§ **EXERCISE DATA**:

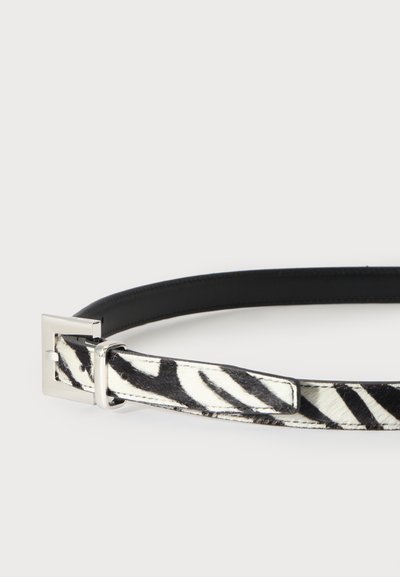 Ceinture fine imprimé zèbre noir et blanc avec une boucle carrée argentée sur fond blanc uni.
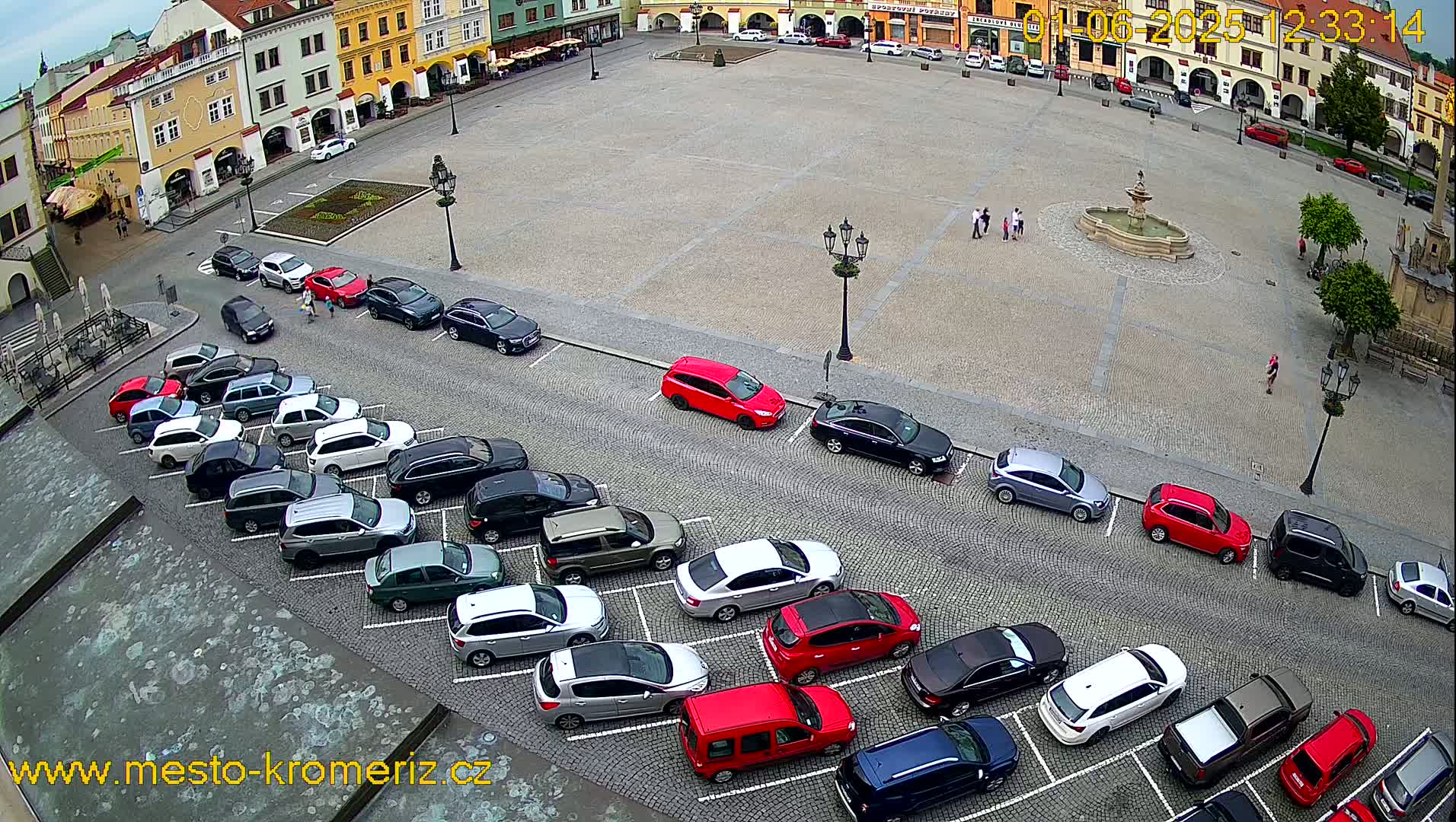 A large town square with a fountain in the center, surrounded by parked cars and buildings, on an overcast day.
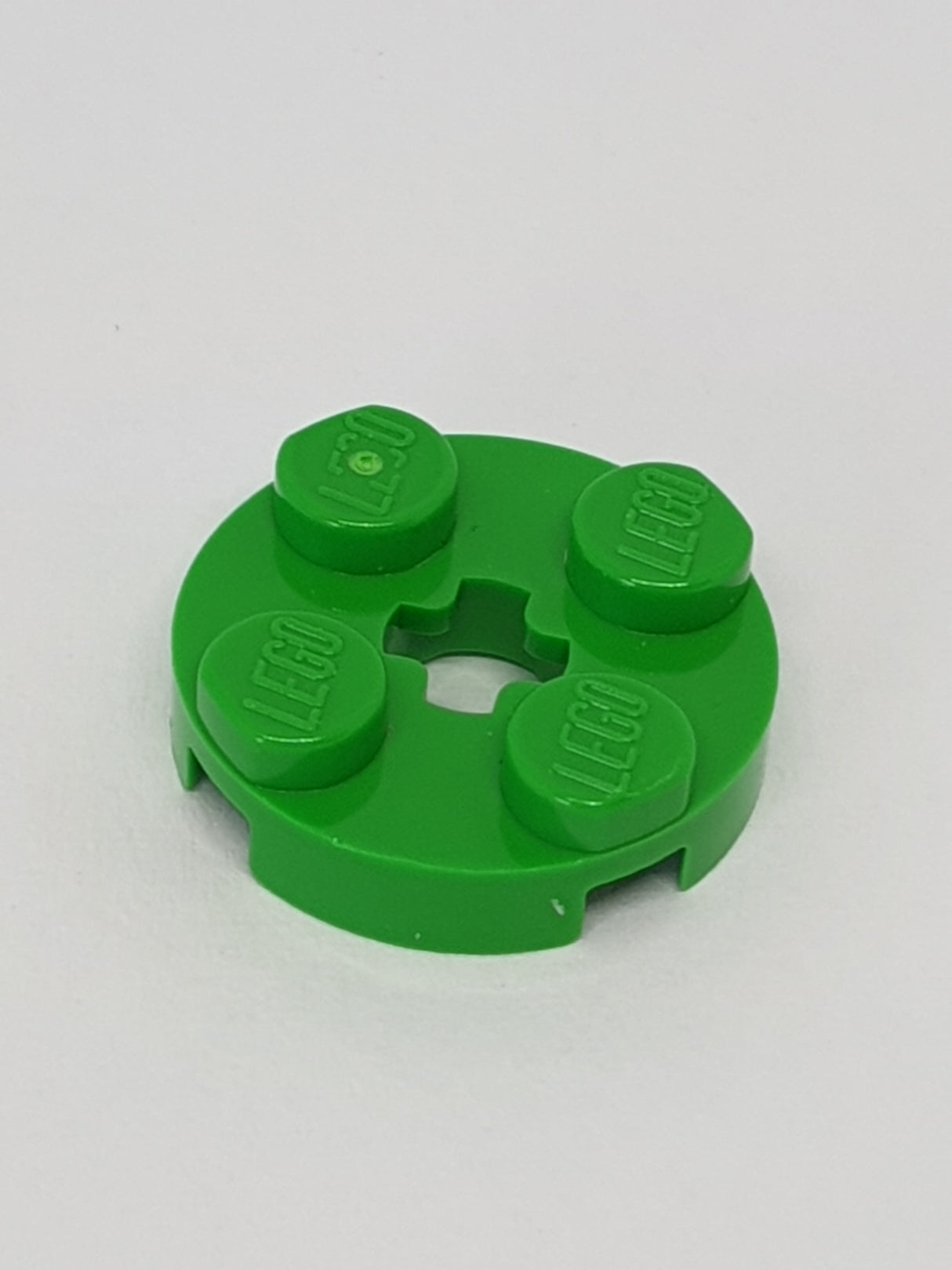 2x2 Rundplatte mit Achsenloch (+) mediumgrün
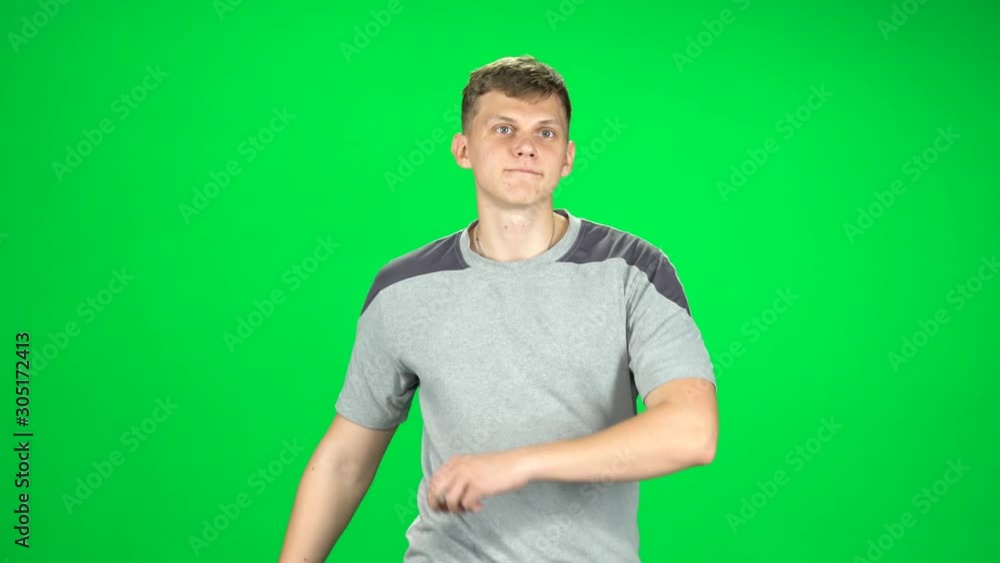 Guy goes and dances, smiles and rejoices on a green screen, Chroma Key Guy goes and dances, smiles and rejoices on a green screen, Chroma Key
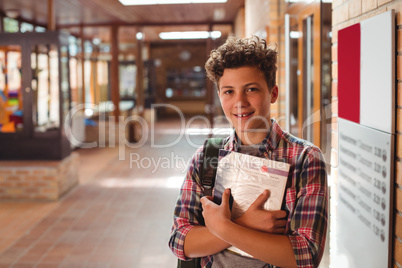 Portrait of schoolboy holding notebook in corridor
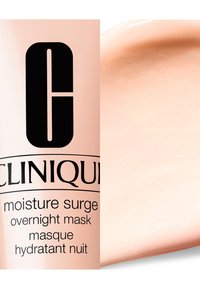 Clinique Moisture Surge Overnight Mask i et rosa rør. Kremaktig tekstur vist ved siden av. Svart tekst på røret beskriver produktnavn og bruk.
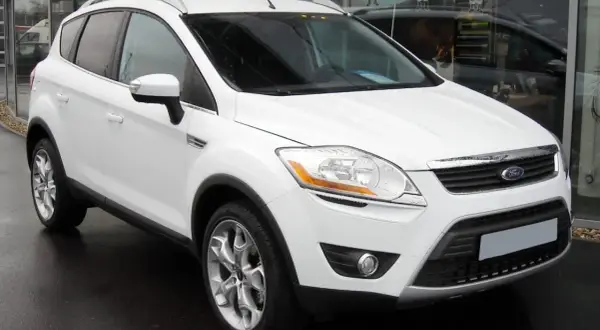 Un Ford Kuga blanc, symbole de fiabilité, garé devant un showroom.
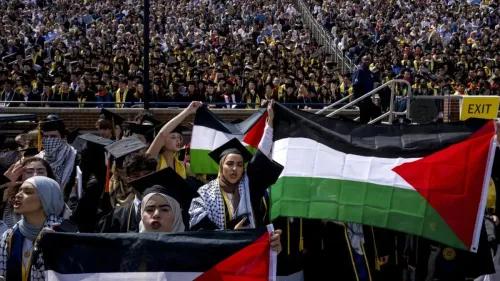 طلاب متخرجون في جامعة ميشيغان يرفعون الأعلام الفلسطينية خلال حفل التخرج، وسط حشد كبير من الحضور، تعبيرًا عن دعمهم للقضية الفلسطينية.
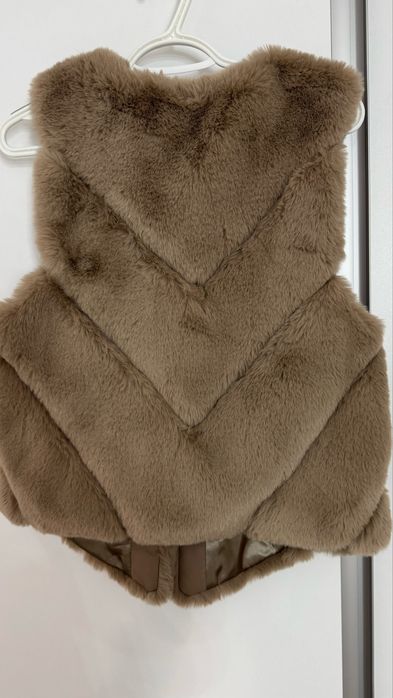 Vesta din blanita artificiala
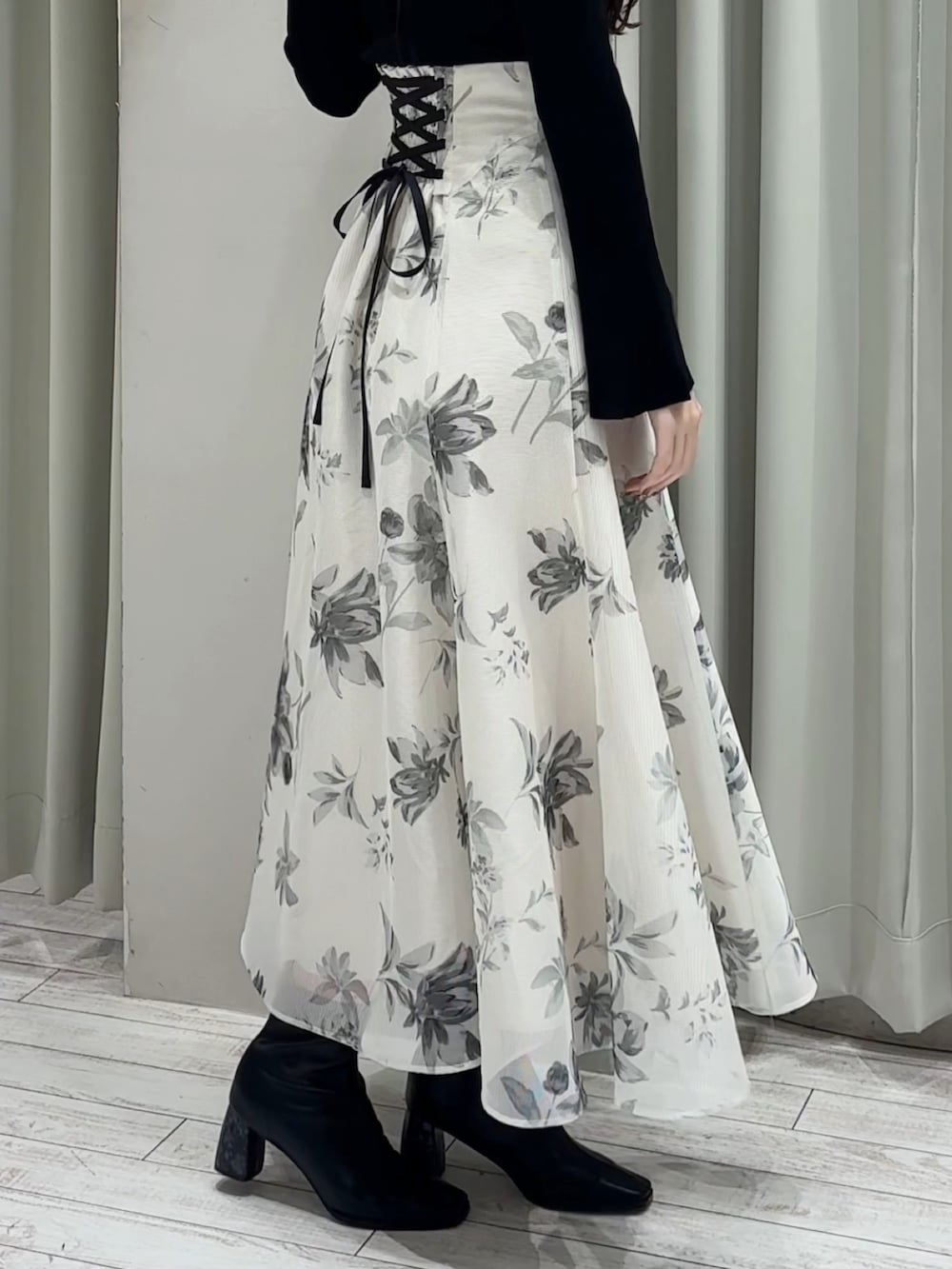 ブラック系のニット/セーター、ホワイト系のスカート、ブラック系のブーツを着用したレディースの春コーディネートの5枚目の写真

§ **TRY IT**: Start with the line that holds "Vesta din blanita artificiala" and retype each line through the last one in the data, exactly and without pictures.

§ **EXERCISE RESULT**:
 Vesta din blanita artificiala
 ブラック系のニット/セーター、ホワイト系のスカート、ブラック系のブーツを着用したレディースの春コーディネートの5枚目の写真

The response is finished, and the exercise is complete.